Many years ago, from some long forgotten source, I read that the goddess Hecate's sacred festival was celebrated on January 31. Although I have never been able to find the source or corroborate this information (Stewart and Janet Farrar's classic “The Witches' Goddess” mentions August 13 for her annual festival as well as the night of the Full moon), I have celebrated this feast every year, in preparation for Imbolc and as an entry into the coldest (but not darkest) part of the Winter.

My experience of Hecate is as a seasonal Goddess. I sense her presence in October, as the frost bitten garden finally dies back, as the light deepens into honey and amber, in the first tantalizing days of Hallowstide, the first days of the thinning Veil. She is present in the Descent, and in the Underworld, and in the solemn, silent movements of our beloved dead. She is present in the rapidly darkening year, and she helps to midwife in the promise of the sacred Child, reborn as the Sun at the Winter Solstice.

She is also there as we sift out the events of the past year and divine out clues for the next one.

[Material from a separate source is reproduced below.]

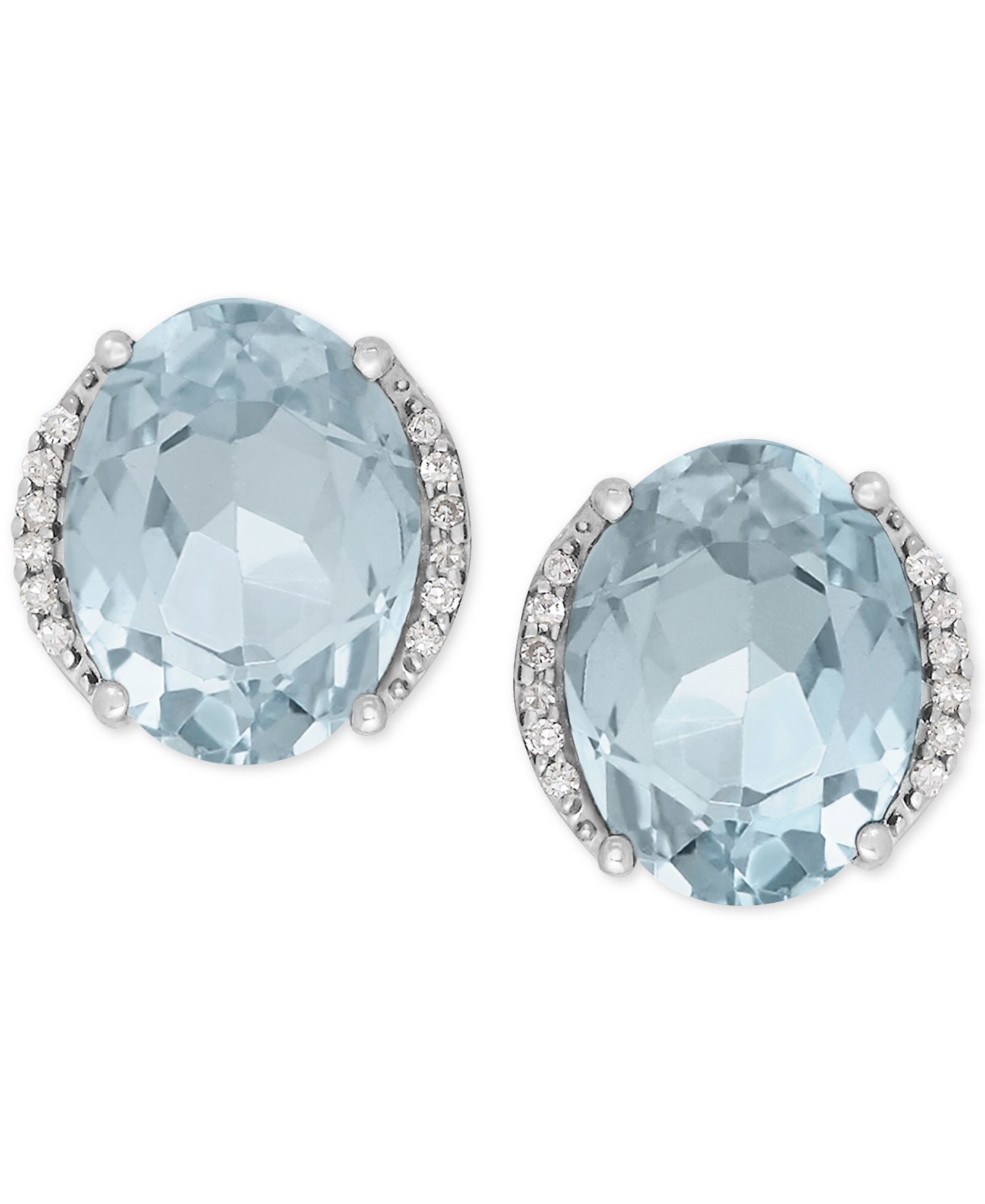 Серьги-гвоздики с акцентами из Aquamarine (3 ct. t.w.) и Diamond в 14k White Gold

In the cold and dark of the Wolf Moon, we find ourselves still in the dark and the still and the quiet. Sometimes the lure of what's going on outside my nest is tempting, but in general, long Winter nights are tailor-made for reflection, meditation, for sinking into ourselves and finding answers in the stillness. Hecate is present with all of this self-inquiry. For many traditions, February 2, Imbolc, is the time of dedication, of making magickal commitment and setting forth on the year's work. It is also a tie when we can start to see signs of change: the Sun is brighter and lingers with us later in the day, the snow recedes a little bit. There are so many hints about the work of the year and so many hints about the impending Spring, On Hecate's feast, I pour libations of ale and barley, and sing her Hymn, and feel the power of the dark and cold, and find the light that will lead me into the brighter part of the year.